263 Significantly Improved Hand Hygiene

Friday, March 19, 2010
Grand Hall (Hyatt Regency Atlanta)
Robert Burke, RN, MA, CIC , Boston Medical Center, Boston, MA
Tamar Barlam, MD, MSC , Boston Medical Center, Boston, MA
Dale Ford, RN, MPH, CIC , Boston Medical Center, Boston, MA
Gail Garvin, RN, MEd, CIC , Boston Medical Center, Boston, MA
Cathy Korn, RN, MPH, CIC , Boston Medical Center, Boston, MA
Lisa O'Connor, RN, MS, NEA-BC , Boston Medical Center, Boston, MA
Carol Sulis, MD , Boston Medical Center, Boston, MA
Background:  Boston Medical Center (BMC) is a 626 bed not-for-profit teaching hospital with approximately 30,000 total discharges and 750,000 patient visits per year. Hand hygiene (HH) is a key component of a comprehensive Infection Control and Patient Safety Program. Implementation of a HH program can be challenging and compliance is difficult to measure. Improvements are unlikely to be sustained until all members of the healthcare team embrace a culture of safety that includes HH.

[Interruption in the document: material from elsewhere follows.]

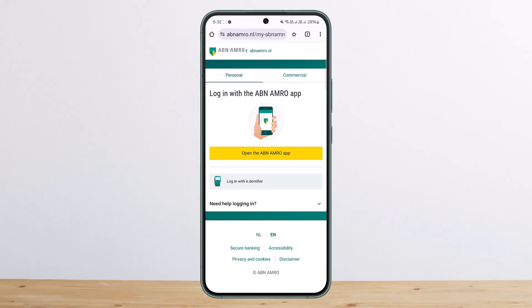So this is how you can log in to ABN AMRO Bank online banking. Hope this helped you. Please like and subscribe, and do not forget to leave a comment down below if you have any further issues.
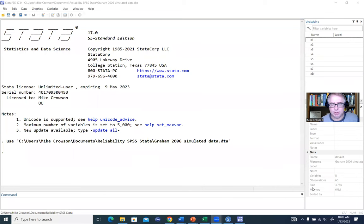Hi everyone. In this video, I will be demonstrating how to generate Cronbach's Alpha and a bootstrap estimate for Cronbach's Alpha using Stata. The data that we're going to be working from — our example data — you can obtain by following the link provided underneath the video description.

Objective: To fulfill the expectation that health care workers (HCW) perform HH before and after each patient care event and reach or exceed the performance targets that were tracked by measuring HH product volume.

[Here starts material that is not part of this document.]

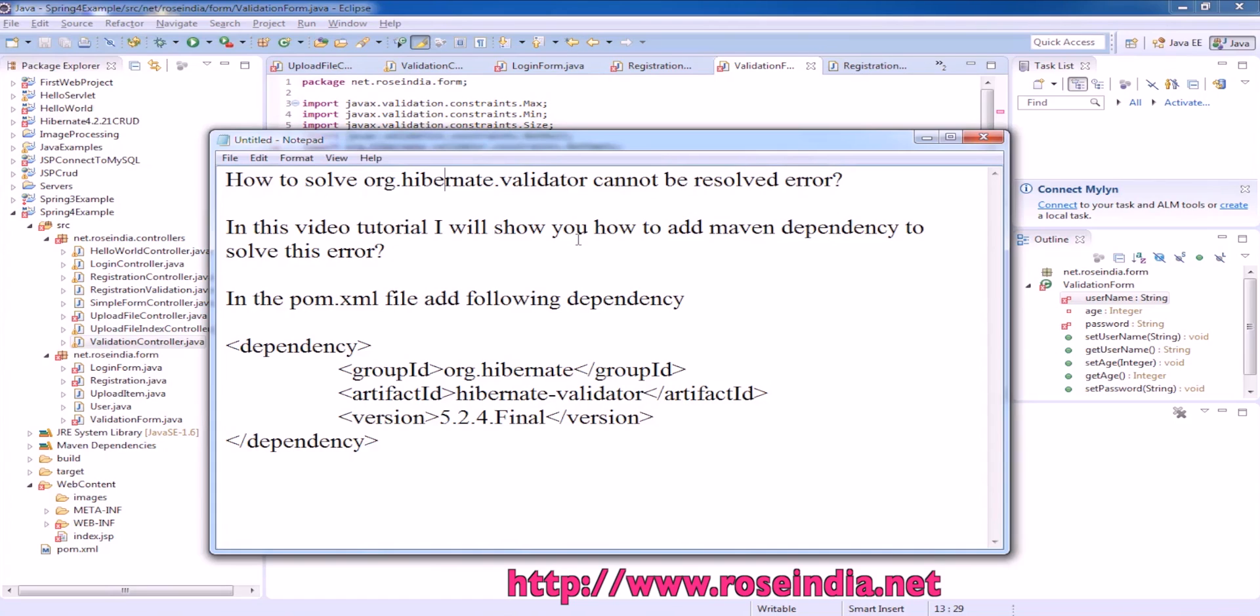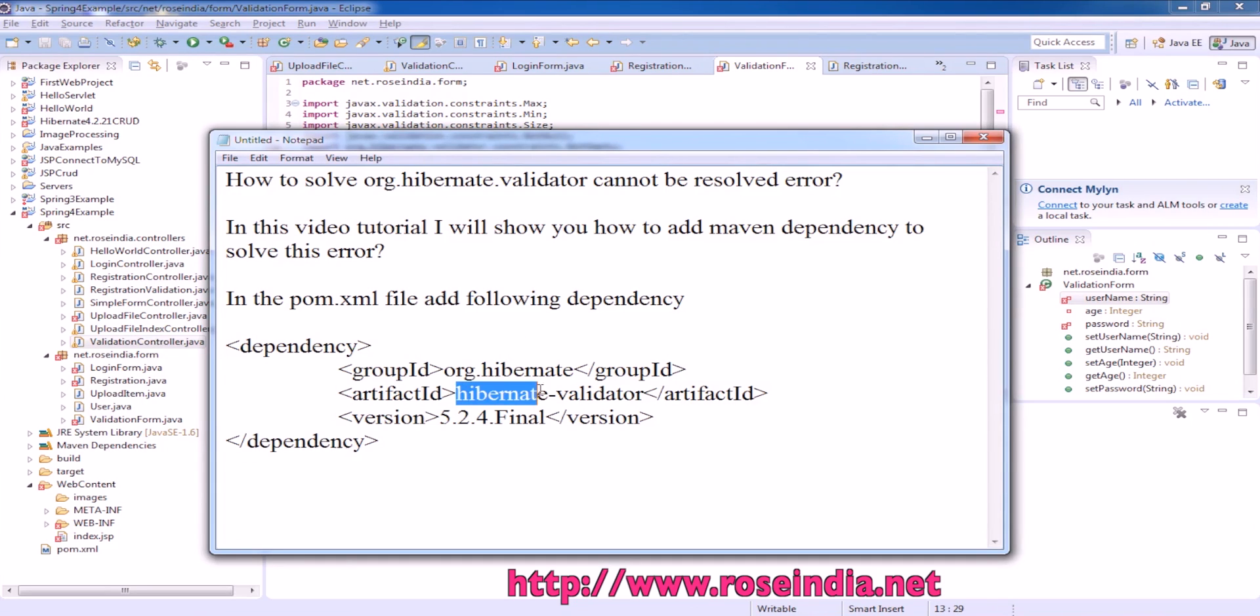In this video tutorial, I will teach you how to solve org.hibernate.validator cannot be resolved error. This error comes when the hibernate validator framework is not included in the project.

Methods: HCW were provided with positive feedback about their HH performance, using product volume as the core data. The data were organized by patient care unit. Performance was calculated using the number of patients cared for and the volume of HH product [soap and alcohol rub] used per day. Performance goals were based on previous best practice defined as 144 HH events/patient/day in the ICU setting and 72 HH events/patient/day in the non-ICU setting. The data were fed back as monthly scores, by patient care unit, and as hospital-wide aggregates. Scores were benchmarked against expected performance targets. Providing feedback was a hospital priority. Scores were published on the hospital website, discussed by the CEO at monthly leadership meetings, and distributed and discussed throughout the organization. Achieving hand hygiene targets was included in clinical leadership performance expectations. While volume measurement cannot provide specific information about HH, it did offer consistent measure of progress at regular time intervals for discrete patient care units. This feedback was used to demonstrate improvement and encourage compliance across all clinical services and departments.      

 

Results: From September 2006 to September 2009, there was a statistically significant increase in HH performance, as measured by product volume, from 42% of the best practice goal to over 100% throughout the institution (Z score for comparison of proportions 13.2, p < 0.00001 for ICU; Z score 9.5, p < 0.00001 for Non-ICU). 


 

Conclusions: The high visibility of the aggregated, corporate scorecard assured that the entire community, from patients to the Board of Trustees, was involved in improving HH.  Area/service scorecards stimulated evaluation of practices and barriers to performance as well as a variety of area and service based performance improvement projects aimed at improving compliance.  The next challenge will be to sustain these gains.